Tour of the Trace Creek Section

We've divided the trail into four sections, starting north to south.  Each page of this tour contains a map and a trail narrative.  You'll find the narrative below each map.  (click here to go to the next page)

Getting Here

We can't hardly give you directions from just anywhere, so you'll have to make your own way to the intersection of Highways C & DD.  It's southwest of Potosi, and this map from Mapquest might help you get this far.  Heading west on C you'll turn right on Highway Z, which soon turns into a gravel road at Palmer.  About a mile later you'll make a left into the Hazel Creek Campground, which is usually marked with a sign (unless some drunken fool has ripped it down).  There is a parking lot a few hundred yards on your right.  The trail crosses the road just north of the lot.  If you come to a circular campground, you've gone too far.

We're Off!

Our adventure begins modestly enough, heading east along the base of a hill.  The trail then emerges onto an open field, which might be a little weedy in the summertime.  You'll soon approach Hazel Creek, and if you're on foot, you might have to shed those boots for a shallow wet-water crossing.  The trail then makes a quick left and passes through an old field which has some fabulous wildflowers in the warmer months. 

Up-'n-Down

Now the trail really begins.  For the rest of your trip you'll be traveling up and down the gnarled, fingery ridges of the eroded Ozark Plateau.  For nearly a billion years this area has alternated between seafloor and exposed landmass.  The seas deposited their limestone by the hundreds of feet, only to have the rains and wind chisel them away.  You're not so much climbing up hills as you are descending gullies!
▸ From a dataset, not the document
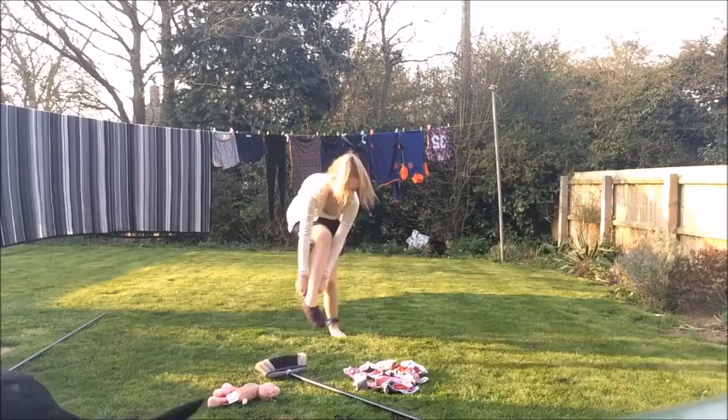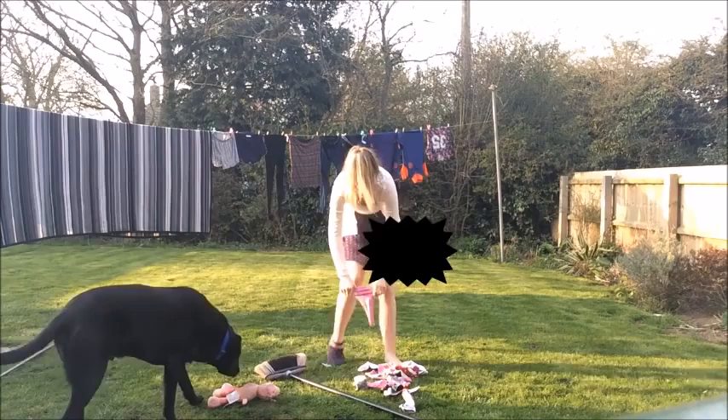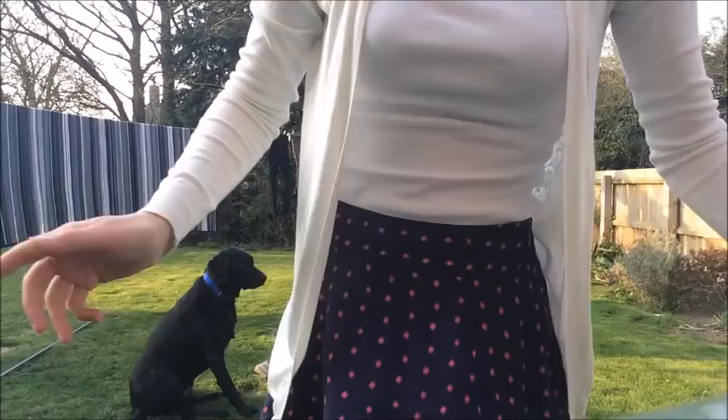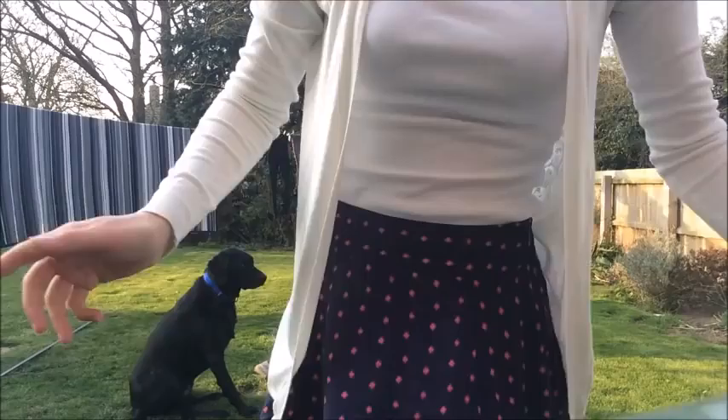Stop! Stop! I'm walking! I'm walking! So let's see how many I got. One, two, three, four, five. Five!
Between Hazel Creek and Trace Creek you'll make three ridge climbs and descents, and cross two roads.  You'll pass through 80 year-old timber and 20 year-old clear-cuts.  Trace Creek makes a good resting place, and you'll find water if you need it (remember to treat it).
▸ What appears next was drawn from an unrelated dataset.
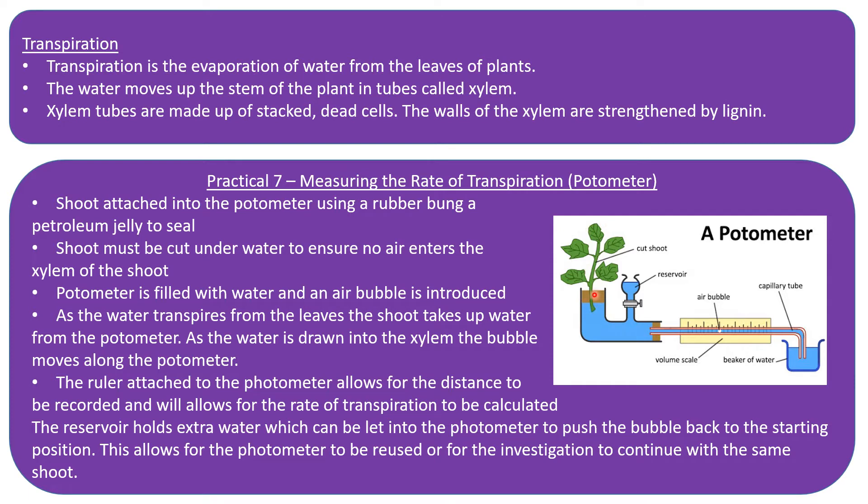The shoot is cut under water and placed into the potometer. A rubber bung is sealed with petroleum jelly to ensure no air can enter the potometer. The potometer is then filled with water, and a small air bubble is introduced. As water transpires from the leaves, more water is drawn up into the xylem, causing the air bubble to move along the potometer. A ruler allows you to determine how far the air bubble has moved.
Lead, Tears and Retreat - the 1800's at Hazel Creek

The first settlers came to this area in the 1830's and established a town called Harmony, named after the Harmony Township of Washington County.  They came for the lead, and they found plenty of it.  Settlers poured in from Tennessee and Kentucky to work at the Webster Mines-- backbreaking  work, picking away in lead pits. 

Not long after the town was settled, its residents witnessed the sobering sight of the forced relocation of the Cherokee.  In a trek known as the "Trail of Tears," the Cherokee Nation was marched from Georgia to Oklahoma along several routes, two of which passed through the town of Harmony.  It wasn't the only retreat the residents witnessed-- in 1864, Union troops led by General Ewing passed through the area (then known as Webster) during a a 31-hour, 59-mile retreat from Fort Davidson to Leasburg.

In 1875 the Palmer Lead Company took over mining operations, and the area has been known as Palmer ever since.  Although the lead is gone, you can still see the remains of the Palmer lead furnace towards the rear of the Hazel Creek trailhead parking lot!